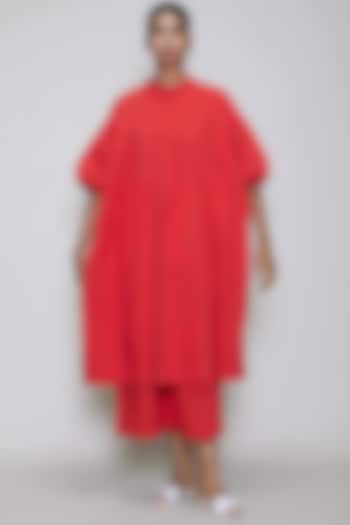 Red Handwoven Cotton Kaftan Tunic by Mati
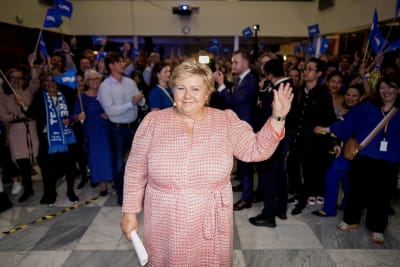  Erna Solberg på Høyres valvaka.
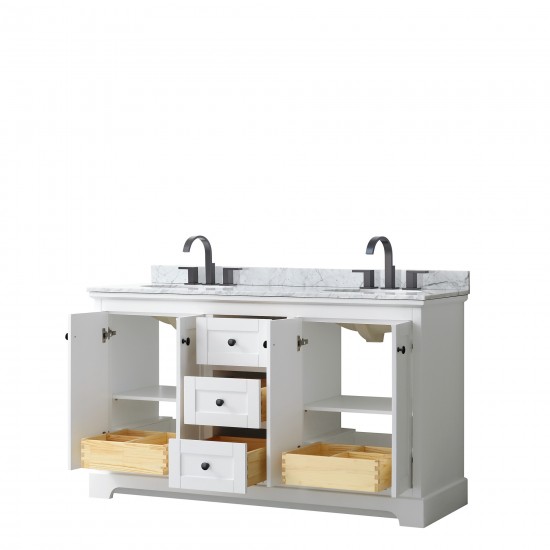 Avery 60" Double Vanity in White, Top, Oval Sinks, Matte Black Trim
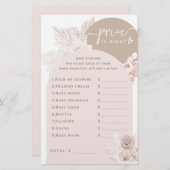 Teddy Bear Modern Boho Girl Baby shower game (Voorkant / Achterkant)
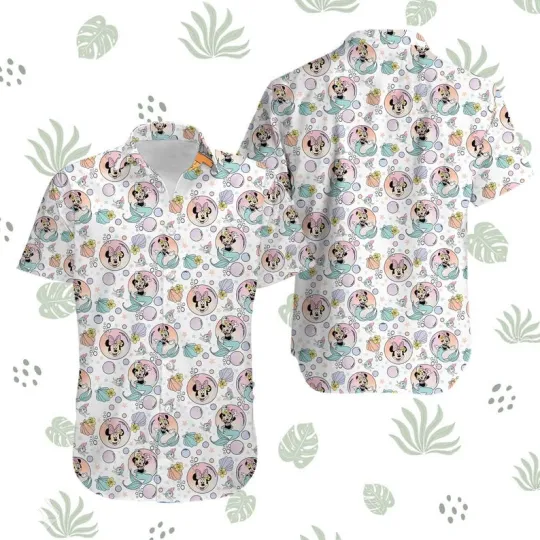 Discover Summer Beach Disneyyy Minniee Short Sleeve Hawaiian Shirt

######

GOAL OF THE EXERCISE:
Set down exactly, with no additions, each line from the line that includes "Erna Solberg på Høyres valvaka." to the final line of the entries above; leave pictures out.

ANSWER FOR THIS EXERCISE:
  Erna Solberg på Høyres valvaka.
 Avery 60" Double Vanity in White, Top, Oval Sinks, Matte Black Trim
 Teddy Bear Modern Boho Girl Baby shower game (Voorkant / Achterkant)
 Discover Summer Beach Disneyyy Minniee Short Sleeve Hawaiian Shirt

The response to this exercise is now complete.